There’s a reason why I reprint this essay now.
It’s not all that old. Pat Robertson asked this idiotic question not long ago. I responded in a reasonable manner, which you can see below.
But I think all these words are about to become antiquated. This particular idiotic question is one that is not going to have to be answered, in any manner, much longer.
But until then:
“Pat Robertson asked it on television. Senators ask this question in debates.
“WHAT IF SOMEBODY WANTS TO MARRY HIS DOG?”
Sigh. Do we really have to do this? Okay.
The question of informed adult consent aside, there are billions of people in the world and any number of them are strange by the standards of the rest of us.
There is a woman who married a bridge, another who married the Eiffel Tower. This is not hypothetical. These women exist. They had ceremonies that understanding friends attended. They are not stupid. They both know they are married to inanimate objects. They both know the objects cannot return their love. Nevertheless, they are wired differently from the rest of us, the internal definition of love exists differently for them than it does for us, and for whatever strange reason sparks their brain matter, they happen to be feel safe and loved and secure when in the presence of that bridge, that Parisian monument. The woman who married the Eiffel Tower spends some time on that Plaza every day, being “with her husband.” It hurts nobody. It’s entertaining to us that these ladies feel this way, but it doesn’t inconvenience any of us; it doesn’t endanger my marriage to Judi or yours to whoever, in any fashion.

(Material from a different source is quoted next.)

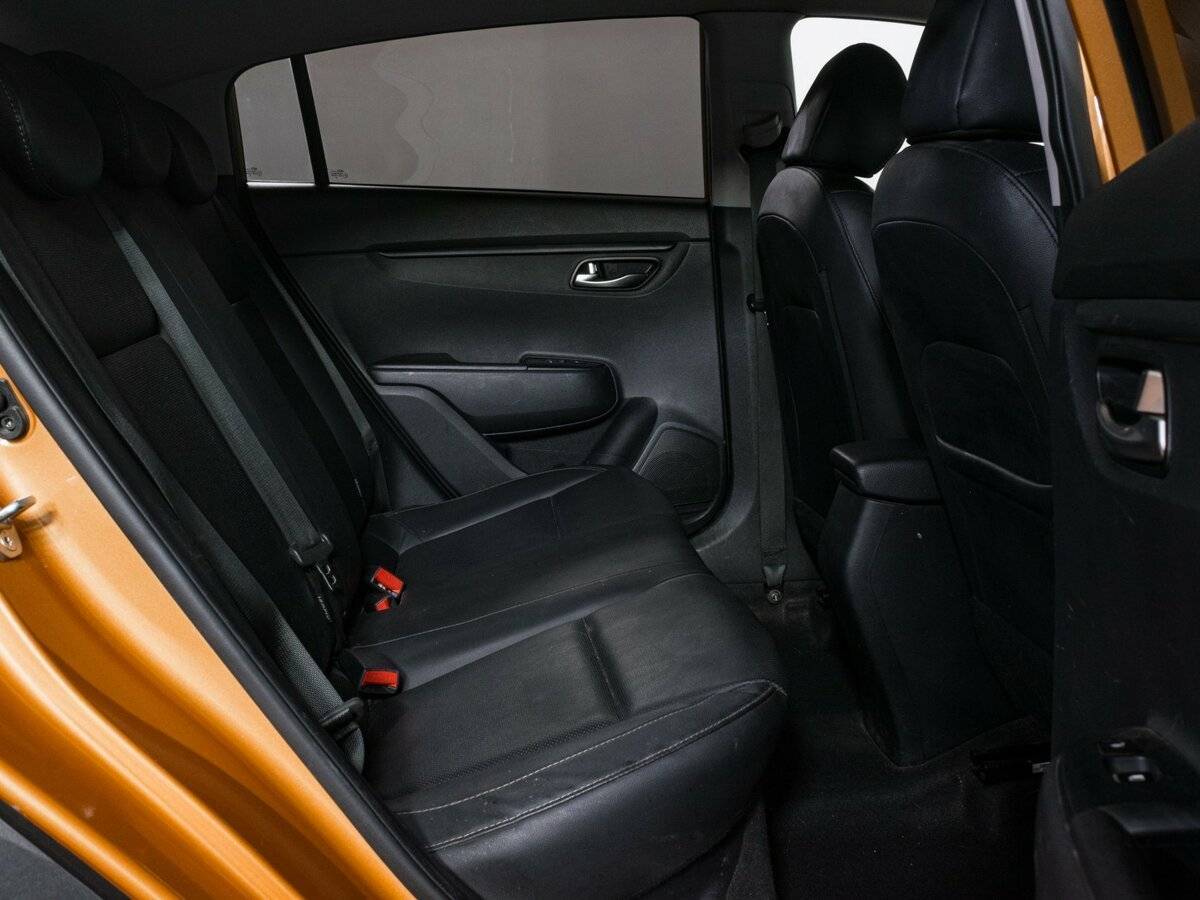 Купить Киа Рио, 2019, 103 000 км.. Фото: #9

Bridges and towers cannot give informed consent. But neither do they mind.
Dogs and horses cannot give informed consent. It can be said that they do mind. There is a case that forcing sexual relations on them is not only unnatural, but cruel. We protect them because they cannot give consent.
Men marrying their daughters —
— well, we call that incest and we know that it’s most often exploitation. We know that there are extreme cases (let’s say the brother and sister separated at birth, who first fall in love, then find out they’re related; similar things happening to parents separated from their children, who meet them socially without any clue to their true connection) where incest is NOT exploitation and where the people can claim, however much it disgusts us, that they are both entering into the contract with eyes open and in fully informed, fully empowered personal volition. However, these outliers do not reflect the vast majority of cases, almost all of which do involve abuse. The few exceptions are in fact such a statistical blip that, in every real sense, they exist only as thought experiments.

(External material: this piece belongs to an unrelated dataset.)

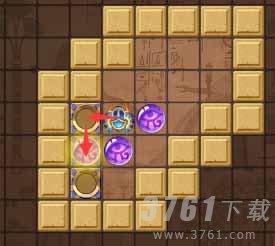 空之要塞启航神眼锁第二十三关怎么通 神眼锁第二十三关过关方法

But let us assume that a vast sea-shift in human behavior led to millions, literally millions, of men and millions of their independent adult daughters wanting to marry one another.
This would require a tremendous alteration in human nature, of the sort that doesn’t parallel the history of homosexuality at all. As far as we can tell, it’s always reflected approximately the same percentage of the human species that it does now, subject to variations in culture’s acceptance or rejection. But let us posit that. Let us assume that twenty million American men wanted to marry their daughters, who without any intimidation of any kind, reciprocated this ambition. This is incredibly unlikely. But again, this is what we’re positing.
Why are we talking about it now?
Isn’t talking about it now rather ridiculous and theoretical?
Doesn’t it make more sense to suggest that we hold off the discussion of whether this would be good or bad for society until that actually happens? Knowing that it won’t?
And THEN return to the issue of gay marriage, which DOES involve millions and which HAS swept the states and IS legal for more than three-quarters of Americans and ISN’T so theoretical? Because otherwise, all this talk of men wanting to marry their daughters or dogs or what have you is just ridiculous?”
Yes. It is.
But there’s a reason why I reprint this essay today.